> _Your goal_
Reproduce all of the entries below exactly, without images.

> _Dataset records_
-----

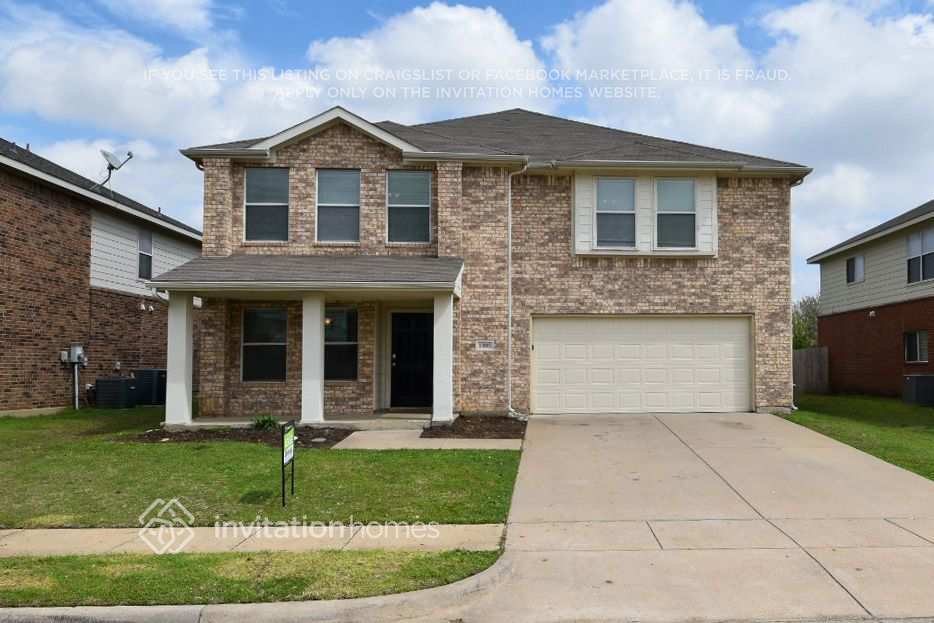 1005 Meadowlark Dr in Saginaw, TX - Building Photo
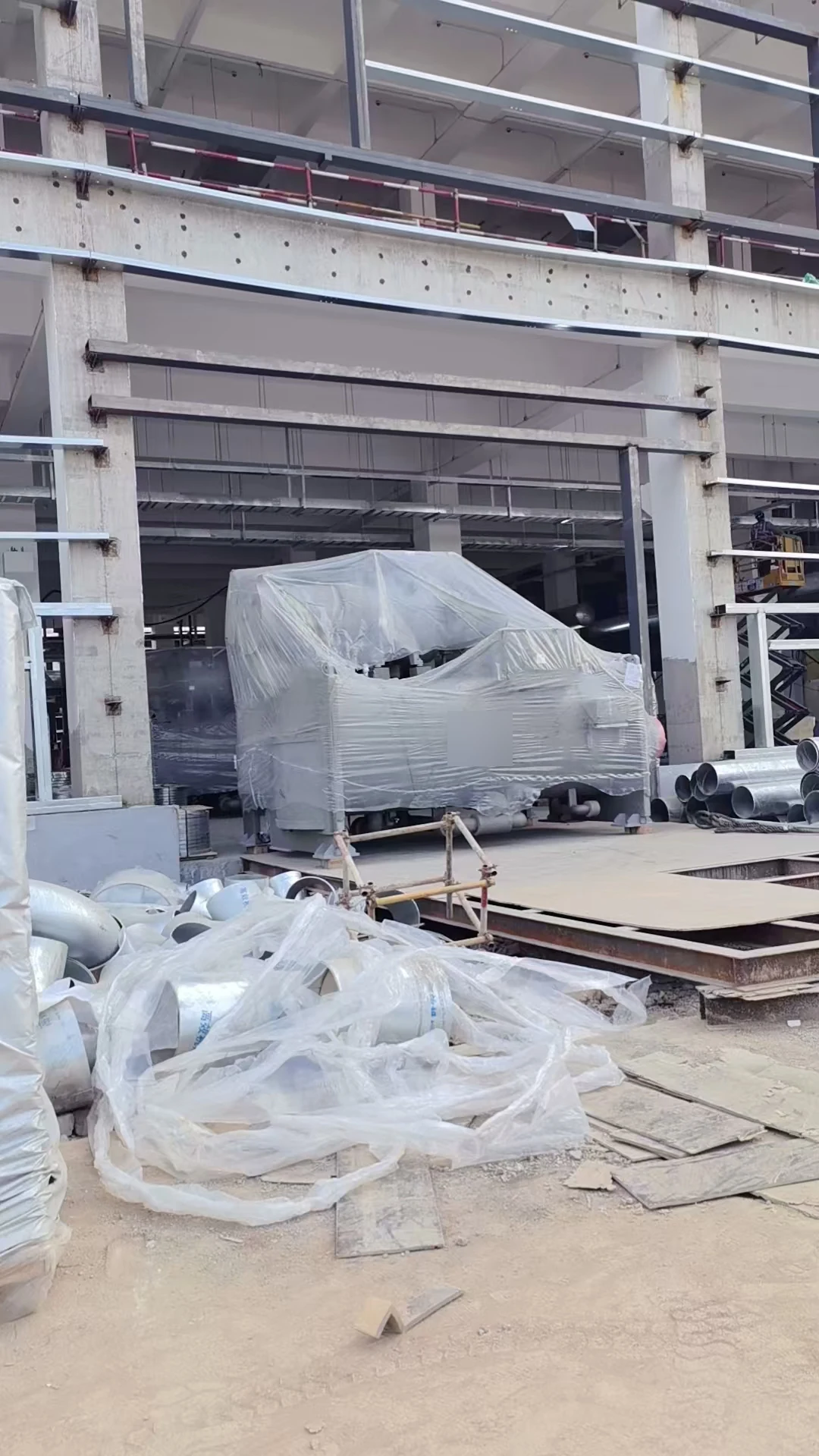 Wrapped chiller equipment delivered to the Tongchuan New Energy Industrial Park project building
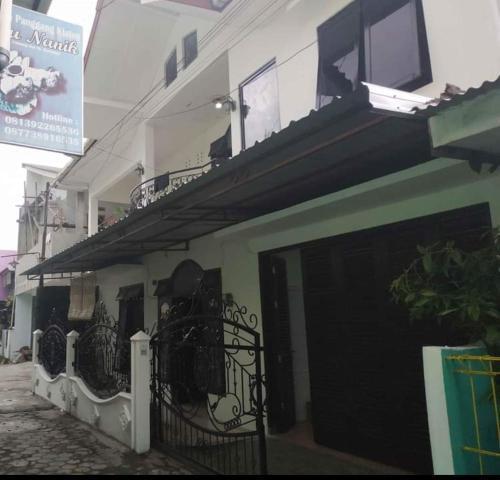 Батуретно: Grapyak Homestay Syariah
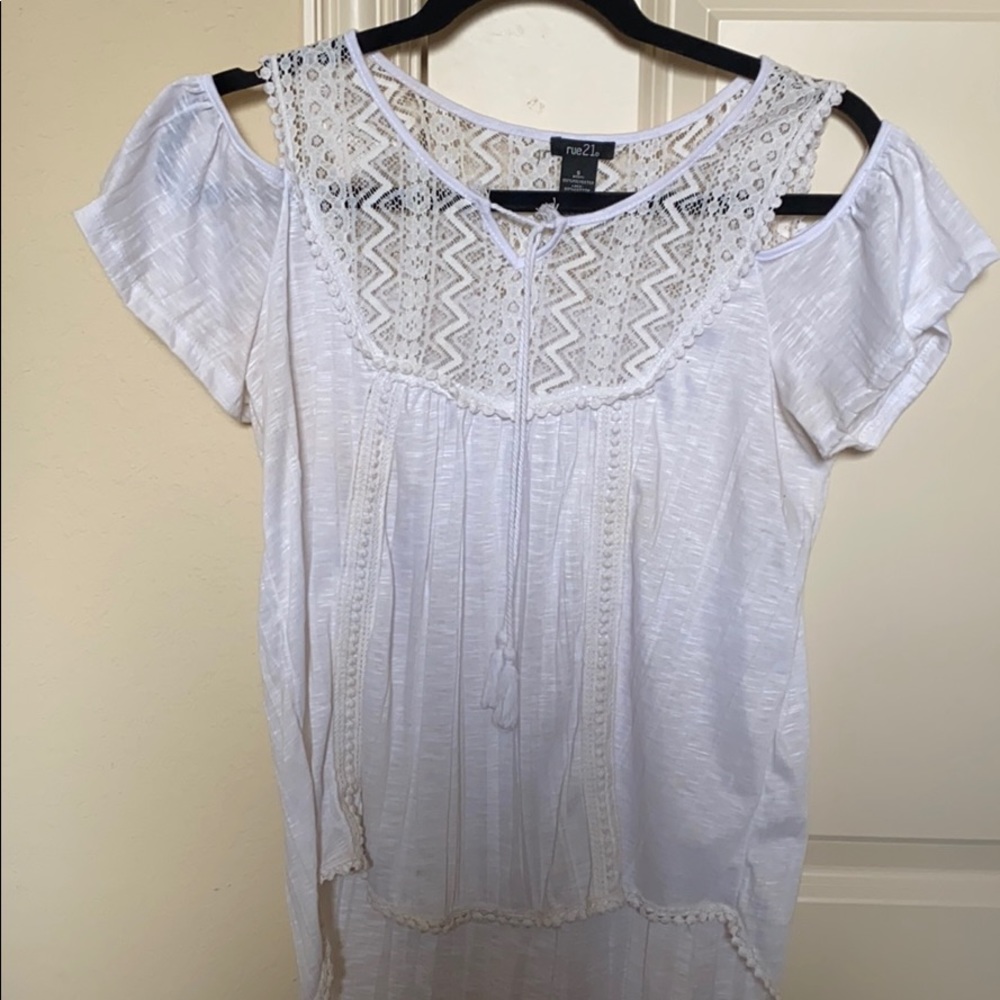 Cold shoulder white top!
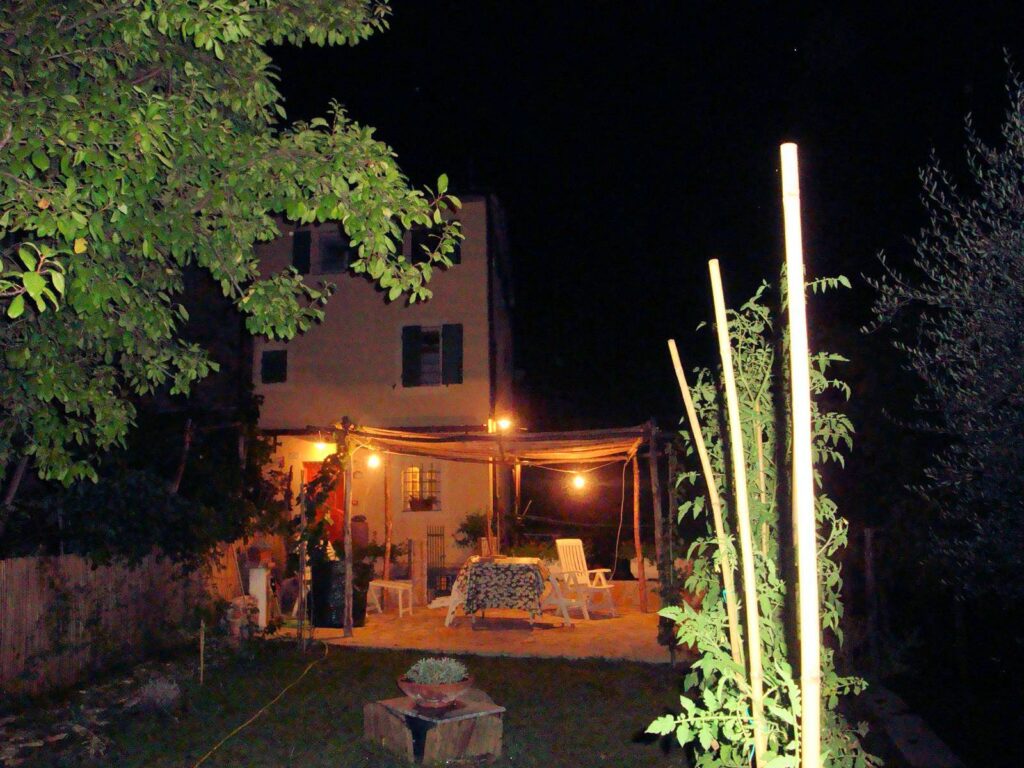 1673-Terratetto libero su tre lati con ampio giardino e vista panoramica fino al mare-Massarosa-4 Agenzia Immobiliare ASIP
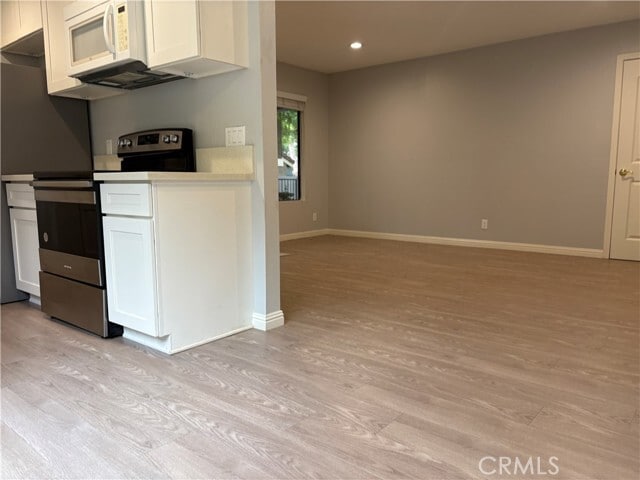Building Photo - 21 Streamwood
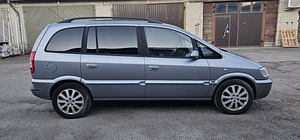 Opel zafira 2.0 74kw diisel (3 foto / 9)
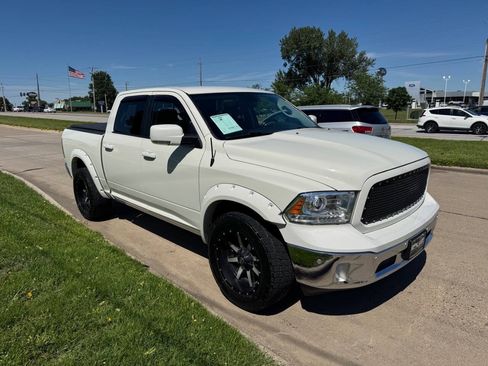 Used 2018 RAM 1500 Laramie w/ Convenience Group AWD/4WD image 7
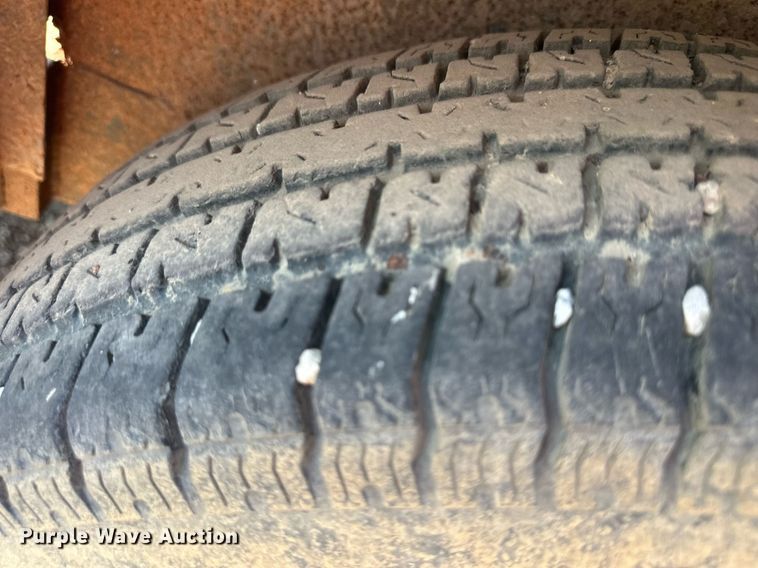 image for item DO5108 2003 L&L BF16  utility trailer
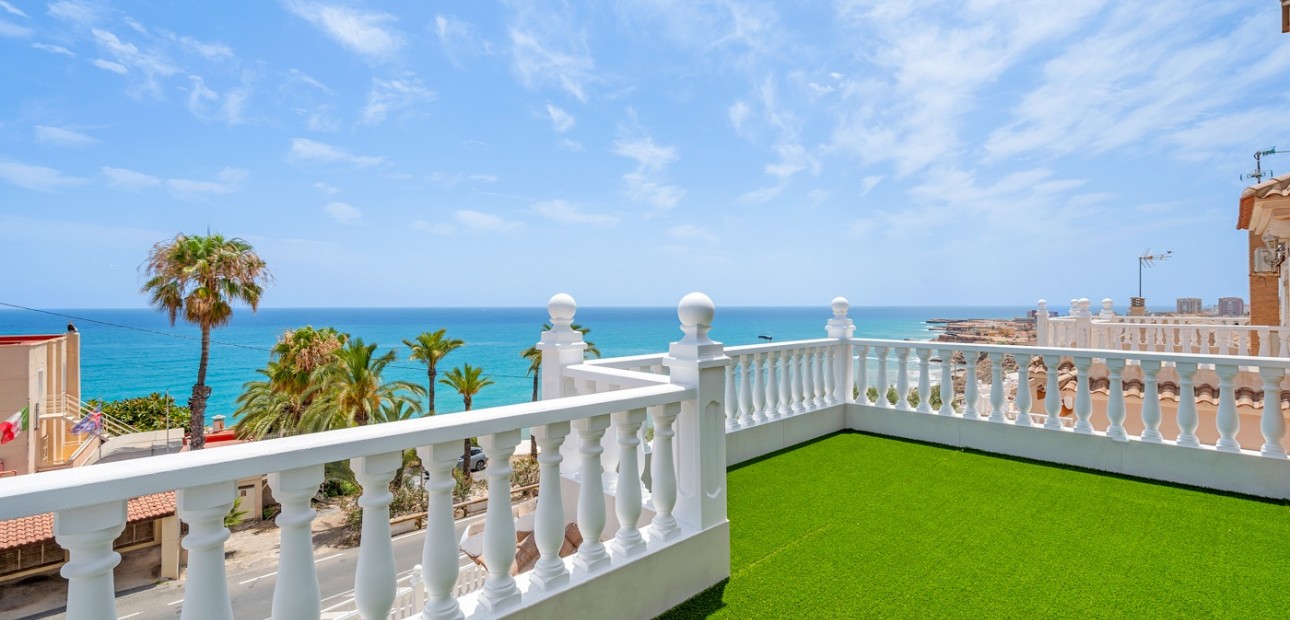 Herverkoop - Detached Villa -
Torrevieja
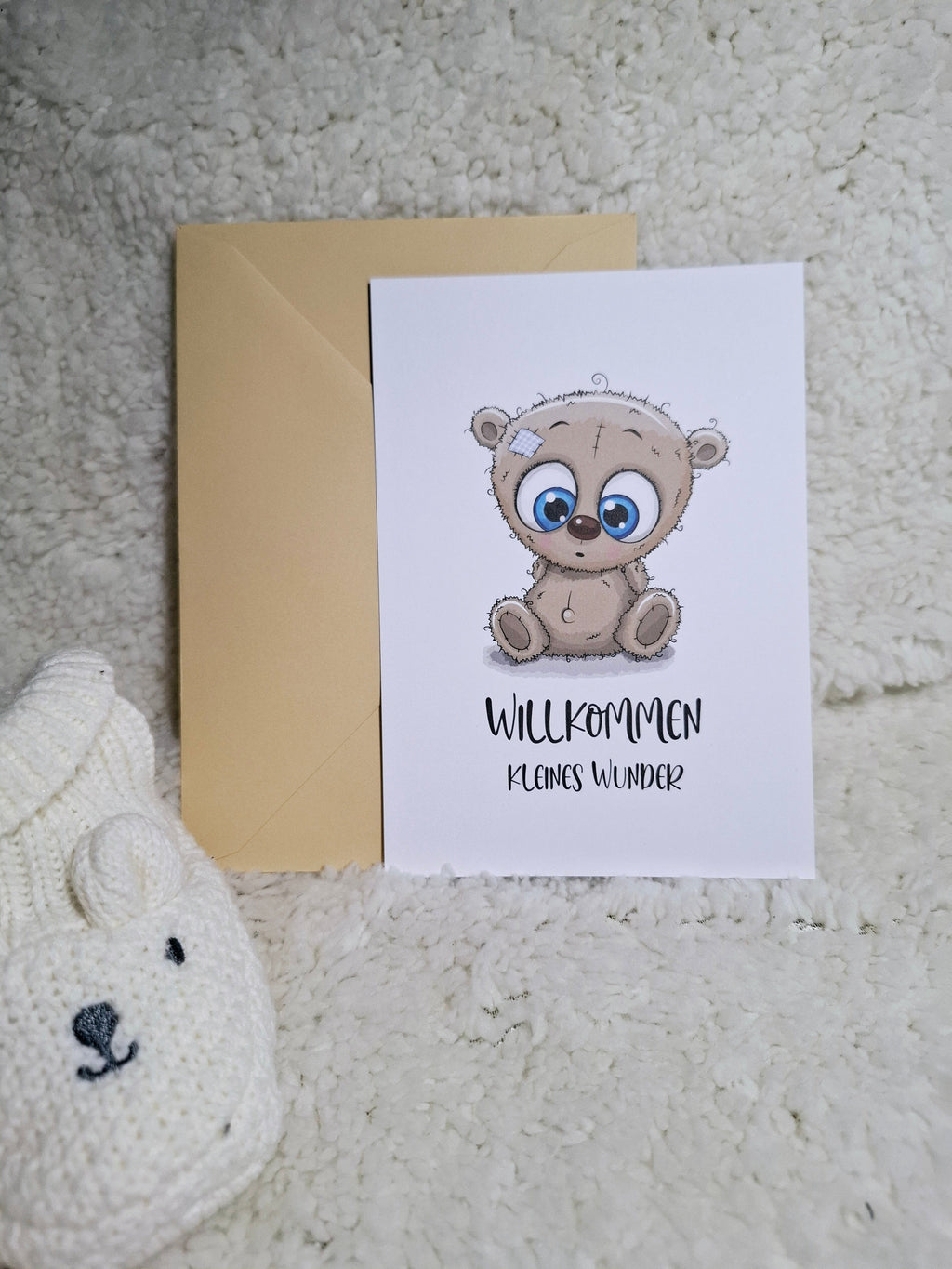 Eine liebevolle Karte mit einem Teddybär, der "Willkommen in der Familie" sagt. Ideal für Familienfeiern!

-----

> _Written response_
 1005 Meadowlark Dr in Saginaw, TX - Building Photo
 Wrapped chiller equipment delivered to the Tongchuan New Energy Industrial Park project building
 Батуретно: Grapyak Homestay Syariah
 Cold shoulder white top!
 1673-Terratetto libero su tre lati con ampio giardino e vista panoramica fino al mare-Massarosa-4 Agenzia Immobiliare ASIP
Building Photo - 21 Streamwood
 Opel zafira 2.0 74kw diisel (3 foto / 9)
 Used 2018 RAM 1500 Laramie w/ Convenience Group AWD/4WD image 7
 image for item DO5108 2003 L&L BF16  utility trailer
 Herverkoop - Detached Villa -
Torrevieja
 Eine liebevolle Karte mit einem Teddybär, der "Willkommen in der Familie" sagt. Ideal für Familienfeiern!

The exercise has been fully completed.